Data Productivity Cloud Pipeline

Author: Matillion
Date Posted: Dec 13, 2023
Last Modified: Jun 10, 2025

Data Transposing / Pivoting

Transpose or pivot data between wide and narrow representations.

Three Data Productivity Cloud pipelines that demonstrate techniques for transposing (pivoting) data between wide and narrow representations.

Open example transpose extract and load first.

Example setup

Image ofData Transposing / Pivoting Orchestration — Data Transposing / Pivoting Orchestration

When you run this pipeline, it will copy (colocate) the sample data from our recent assessment of the UK’s Electric Vehicle infrastructure into a new table named stg_batteryelectric_wide. This is a wide table:

Relatively few rows
A small number of identity columns (Make and Model)
A large number of similarly-named columns. In this example they contain values at different points in time

Make	Model	2022 Q3	2022 Q2	2022 Q1	2021 Q4	…	2010 Q2	2010 Q1
AIXAM	AIXAM MEGA	5	5	5	5	…	155	154
ASTON MARTIN	ASTON MARTIN MODEL MISSING	[low]	[low]	[c]	[low]	…	[low]	[low]
etc	…	…	…	…	…	…	…	…

The data contains some values that are not numeric, either because they were estimated, or were confidential. Also there are values such as 18,974 which are formatted strings rather than real numbers. These will be problematic when it comes to summing the values later. In other words the data is accurate and of high quality, but it needs to be made more consumable so it can be manipulated and interpreted more easily.

There are more than 50 of these “value” columns. So to avoid a lot of hand coding, and therefore to improve productivity, the pipeline automatically sets several variables for the UNPOVOT and PIVOT transformations that will follow.

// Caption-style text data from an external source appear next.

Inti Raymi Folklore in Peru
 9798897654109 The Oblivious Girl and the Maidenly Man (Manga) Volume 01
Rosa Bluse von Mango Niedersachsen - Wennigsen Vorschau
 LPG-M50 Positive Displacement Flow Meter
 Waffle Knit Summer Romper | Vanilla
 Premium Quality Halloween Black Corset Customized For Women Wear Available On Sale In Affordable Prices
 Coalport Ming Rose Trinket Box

Data Transposing Wide to Narrow

The first of the two transformation pipelines transposes the data into its narrow format, and creates a new table named stg_batteryelectric_narrow:

In its narrow format the table retains the two identity columns, but all the values are transposed into date / count pairs like this:

Make	Model	Quarter	Vehicles
AIXAM	AIXAM MEGA	2022 Q3	5
AIXAM	AIXAM MEGA	2022 Q2	5
AIXAM	AIXAM MEGA	2022 Q1	5
AIXAM	AIXAM MEGA	2021 Q4	5
AIXAM	AIXAM MEGA	2021 Q2	6
…	…	…	…
VOLKSWAGEN	VOLKSWAGEN UP	2014 Q3	90
VOLKSWAGEN	VOLKSWAGEN UP	2014 Q2	60
VOLKSWAGEN	VOLKSWAGEN UP	2014 Q1	54
VOLKSWAGEN	VOLKSWAGEN UP	2013 Q4	30

It’s exactly the same data, but expressed using more rows and less columns. An important DataOps consideration is that this narrow format offers some protection against schema drift. Adding a new quarter will not require a modification to this table’s structure.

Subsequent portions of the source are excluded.